▶ [Recorded data]:
□ □ □ □

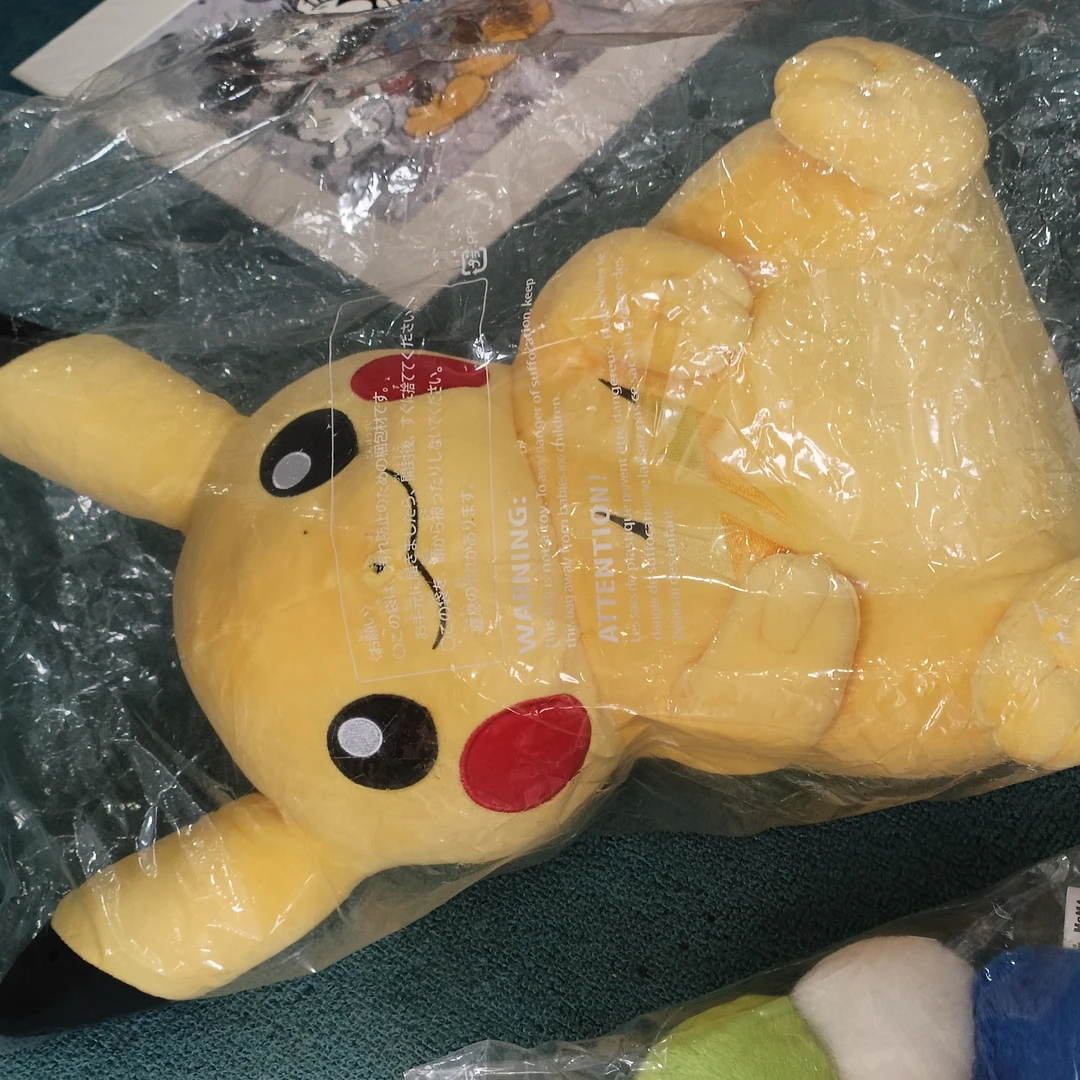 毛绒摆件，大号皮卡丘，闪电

□ □ □ □

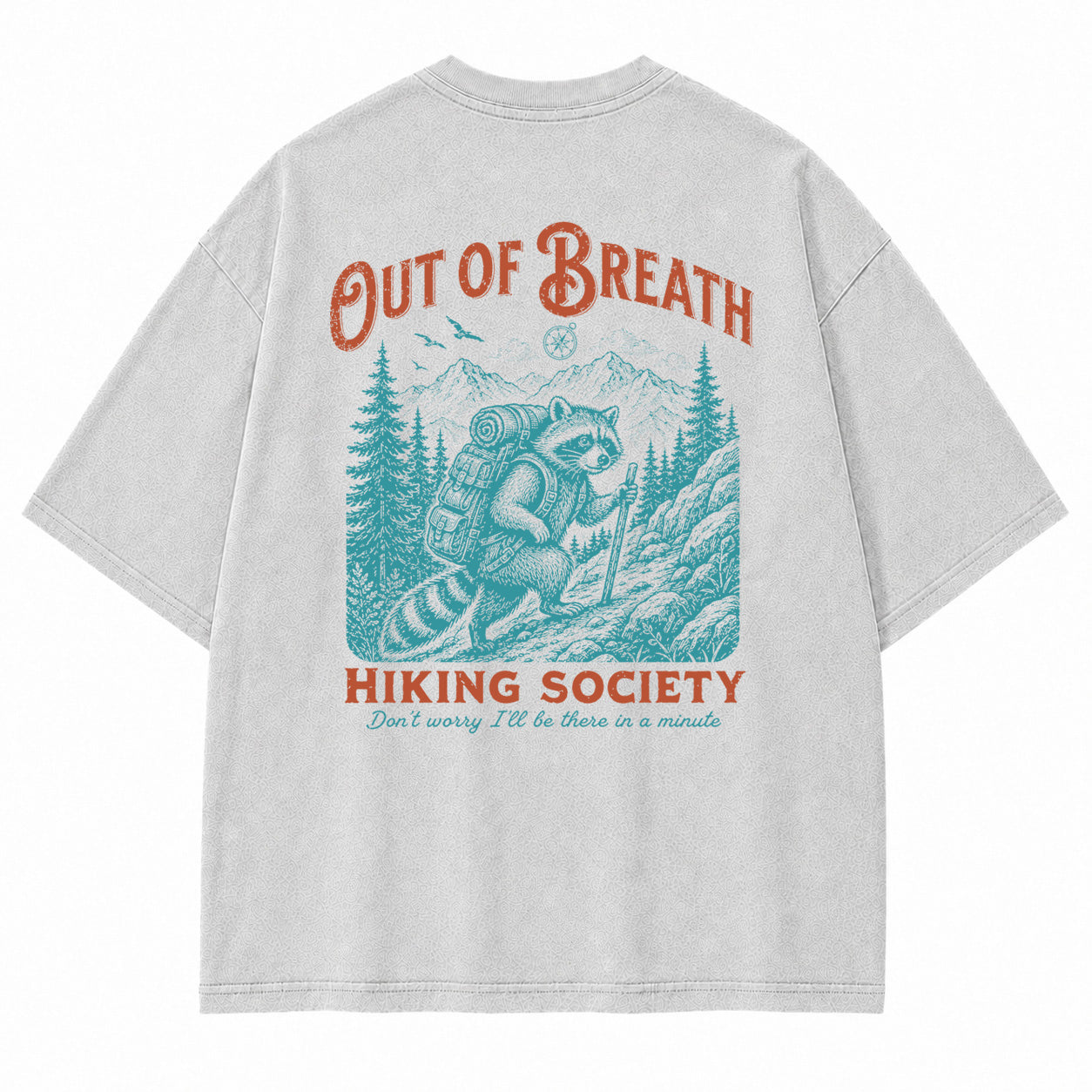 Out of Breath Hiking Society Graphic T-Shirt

□ □ □ □

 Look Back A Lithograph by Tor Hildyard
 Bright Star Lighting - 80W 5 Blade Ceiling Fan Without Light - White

□ □ □ □

▶ [Task directions]:
One stretch of the lines above is wanted, from the line that contains "Look Back A Lithograph by Tor Hildyard" through the line that contains "Bright Star Lighting". Output it exactly.

▶ [Response]:
 Look Back A Lithograph by Tor Hildyard
 Bright Star Lighting - 80W 5 Blade Ceiling Fan Without Light - White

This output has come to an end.